_Work to complete_
For this listing, reproduce the line with "Baked scallops with spinach", the line with "Een groep mensen", and the lines between, exactly as they stand. Leave out pictures and all other lines.

_Dataset excerpts_

Content starts

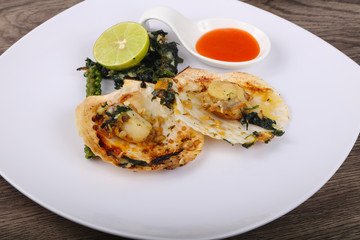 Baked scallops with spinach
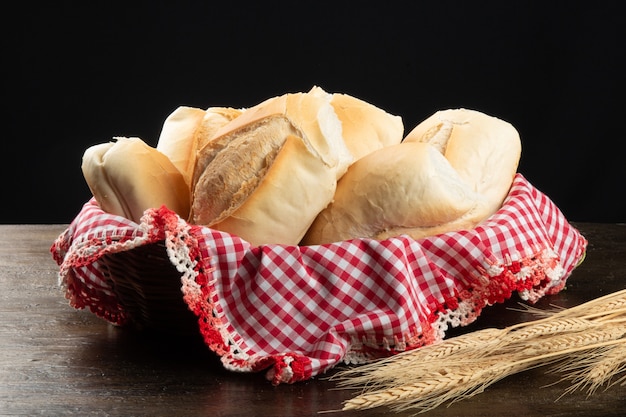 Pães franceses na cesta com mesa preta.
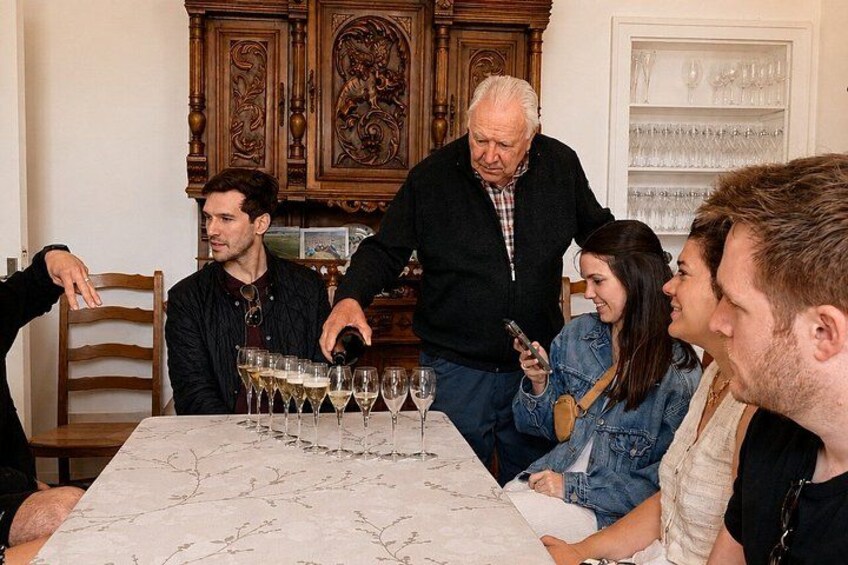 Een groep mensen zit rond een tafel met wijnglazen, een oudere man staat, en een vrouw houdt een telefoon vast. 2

Content ends
Content starts

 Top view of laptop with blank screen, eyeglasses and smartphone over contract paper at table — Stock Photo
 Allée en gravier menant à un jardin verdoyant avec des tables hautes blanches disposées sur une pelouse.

Content ends

_Solution for this task_
 Baked scallops with spinach
 Pães franceses na cesta com mesa preta.
 Een groep mensen zit rond een tafel met wijnglazen, een oudere man staat, en een vrouw houdt een telefoon vast. 2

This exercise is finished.